To create a seed checkpoint, use the same model config as you use for training.
e.g.
```bash
NGPU=1 CONFIG_FILE=<path_to_model_config> ./run_train.sh --checkpoint.enable --checkpoint.create_seed_checkpoint --parallelism.data_parallel_replicate_degree 1 --parallelism.data_parallel_shard_degree 1 --parallelism.tensor_parallel_degree 1 --parallelism.pipeline_parallel_degree 1 --parallelism.context_parallel_degree 1 --parallelism.expert_parallel_degree 1
```

## Conversion support

### HuggingFace
`torchtitan` offers two ways to work with Hugging Face models: either by directly saving and loading a Hugging Face checkpoint during training, or by using an example conversion script to directly reformat the model weights on cpu.

1. You can directly save huggingface model weights during training by using the `--checkpoint.last_save_in_safetensors_format` and `--checkpoint.last_save_model_only` options together. To directly load a `torchtitan` training session from a huggingface safetensors file, enable `--checkpoint.initial_load_in_hf`, and set either `--model.hf_assets_path` or `--checkpoint.initial_load_path` to the directory containing the huggingface checkpoint. `--checkpoint.initial_load_path` overrides `--model.hf_assets_path` if both are set.

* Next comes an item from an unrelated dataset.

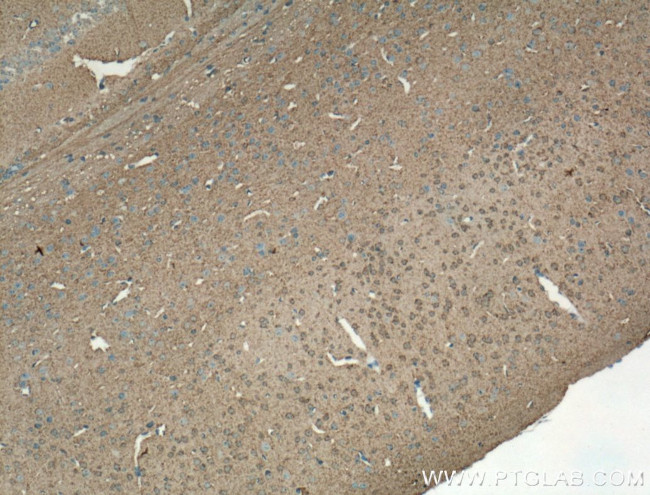 GAP43 Antibody in Immunohistochemistry (Paraffin) (IHC (P))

2. To directly reformat the weights without the need to run a training loop, run the corresponding conversion script. The naming scheme is `torchtitan`-centric, e.g. convert_from_hf means convert hf->tt.

```bash
python ./scripts/checkpoint_conversion/convert_from_hf.py <input_dir> <output_dir> --model_name <model_name> --model_flavor <model_flavor>
python ./scripts/checkpoint_conversion/convert_to_hf.py <input_dir> <output_dir> --hf_assets_path ./assets/hf/Llama3.1-8B --model_name <model_name> --model_flavor <model_flavor>
# e.g.
python ./scripts/convert_from_hf.py ~/.cache/huggingface/hub/models--meta-llama--Meta-Llama-3-8B/snapshots/8cde5ca8380496c9a6cc7ef3a8b46a0372a1d920/ ./initial_load_path/ --model_name llama3 --model_flavor 8B
```

### Torch

This guide will walk you through the steps required to convert a checkpoint from `torchtitan` so that it can be loaded into pt format.

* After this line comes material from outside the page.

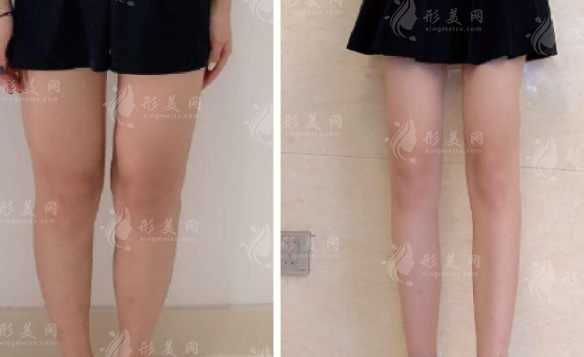大腿抽脂后有硬塊正常嗎？多久會(huì)消失？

1. CHECKPOINT CONFIGURATION
```
[checkpoint]
enable = true
keep_latest_k = 20
folder = "checkpoint"
interval = 10
last_save_model_only = true
export_dtype = "bfloat16"
```

2. SAVE THE FINAL CHECKPOINT\
Once the above have been set, the final checkpoint at the end of the training step will consist of model only with the desired export dtype. However, if the final step has not been reached yet, full checkpoints will still be saved so that training can be resumed.

3. CONVERT SHARDED CHECKPOINTS TO A SINGLE FILE\
Finally, once you have obtained the last checkpoint, you can use the following command to convert the sharded checkpoints to a single .pt file.

```bash
python -m torch.distributed.checkpoint.format_utils dcp_to_torch torchtitan/outputs/checkpoint/step-1000 checkpoint.pt
```


That's it. You have now successfully converted a sharded `torchtitan` checkpoint for use with pytorch formats.